映画『桐島、部活やめるってよ』

『桐島』はおそらく私の人生で最もフェイバリットなムービーです。DVDはもちろん持っていて、劇場含めて5回くらいは観ている(って言うと少ないじゃん!と言われそうだが、そもそも2時間くらい拘束される映画というコンテンツをあまり摂取しない私にとって、同じものを自ら繰り返し観るということ自体が大変珍しいのだ)
完璧すぎて本編以上の補足も一切必要ないくらい。

宇多丸さんが吉田映画を評して次のようなことを言っていて。

「人というのはある種の夢を見ながらじゃないと生きられないじゃないか。そうじゃないとこの世の中は辛すぎるじゃないか。」

あーもうこの評価だけで泣けてくる。

『桐島』から得られるカタルシスや、誠実だと思えるところは、全体にシビアな世界を描きながらも、ちょっとした奇跡(夢)をエッセンスにしているところ、それから最終的には各登場人物の行く末を描かず開かれた結末になっているところにある。

この「ちょっとした奇跡」というのは何かというと、屋上でほぼ全員が集結するクライマックスもそうだけれど、一番胸に来るのは前田と、沢島や宏樹との会話。前田は、ただ映画を撮りたかっただけなのだけど、その過程でいわば彼らの魂に触れるような瞬間がある。(泣きそうな彼らそれぞれに「大丈夫?」と聞いているシーンがあると思うが、それ)
演じている神木くんスゲエ、と思う。
前田は地味で、オタクで、ちょっとコミュニケーション下手なところがある天然な高校生なんだけれど、その「大丈夫?」の瞬間には、相手に臆さず他者と対峙できるような人間性を垣間見せていると思う。結構大人じゃんと思うんだけど、それまでの前田のふるまいとのギャップを感じさせない実に自然な感じというか、浮いてない、実在感が、神木くんスゲエと思う。私だったら、高校時代に、学校生活で二度と言葉を交わすか交わさないかぐらいの関係の相手が目の前で泣きそうになっていても言葉をかけられないと思う。前田は実はすごい胆力のあるキャラクターなのだ。でも『桐島』のなかではあくまで「冴えない奴」のままで最後まで居て、マジこの演技のバランススゲエ。

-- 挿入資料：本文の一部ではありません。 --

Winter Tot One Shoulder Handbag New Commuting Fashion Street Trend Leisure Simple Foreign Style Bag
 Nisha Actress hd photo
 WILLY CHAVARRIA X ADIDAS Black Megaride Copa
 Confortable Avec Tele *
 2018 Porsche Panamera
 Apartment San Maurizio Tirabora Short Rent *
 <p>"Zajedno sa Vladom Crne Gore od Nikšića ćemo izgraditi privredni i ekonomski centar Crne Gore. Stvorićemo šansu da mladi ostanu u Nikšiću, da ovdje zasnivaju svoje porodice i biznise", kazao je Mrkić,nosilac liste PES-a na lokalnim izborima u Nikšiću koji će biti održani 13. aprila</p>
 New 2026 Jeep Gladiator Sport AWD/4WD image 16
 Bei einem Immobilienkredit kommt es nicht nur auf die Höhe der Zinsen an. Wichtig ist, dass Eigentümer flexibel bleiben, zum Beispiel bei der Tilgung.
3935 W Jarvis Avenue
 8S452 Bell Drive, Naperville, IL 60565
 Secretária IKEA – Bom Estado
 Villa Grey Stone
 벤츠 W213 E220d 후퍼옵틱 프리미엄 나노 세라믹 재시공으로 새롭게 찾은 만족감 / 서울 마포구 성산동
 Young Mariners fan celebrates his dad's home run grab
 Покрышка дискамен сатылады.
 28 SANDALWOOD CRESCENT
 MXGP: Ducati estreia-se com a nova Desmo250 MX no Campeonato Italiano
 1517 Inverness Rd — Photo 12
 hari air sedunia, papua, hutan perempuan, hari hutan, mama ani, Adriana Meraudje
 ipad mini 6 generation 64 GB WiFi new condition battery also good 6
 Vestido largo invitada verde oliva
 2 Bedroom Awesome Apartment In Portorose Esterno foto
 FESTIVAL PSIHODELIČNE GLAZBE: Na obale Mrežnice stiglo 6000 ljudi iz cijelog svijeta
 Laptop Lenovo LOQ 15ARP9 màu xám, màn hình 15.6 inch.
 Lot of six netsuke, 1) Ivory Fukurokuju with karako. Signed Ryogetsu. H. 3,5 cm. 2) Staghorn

現実には、リア充のトップが「将来何になりたいの?」とか直接聞いてくれることとか、何か大きな気持ちを抱え込んだ女子に理由を言えないお願いごとをされるなんてことは、たぶん、無い。

でも『桐島』のなかではあったし、そのおかげで、前田と話せたおかげで、沢島も宏樹もひとつすすむことができた。これこそ奇跡じゃないか。

一生同じ夢を見ないもの同士が、交差して、ある決定的な影響を与えることがある。
そんな奇跡があるのなら、この人生の貴重さに涙してしまってもしょうがないじゃないか。ああ。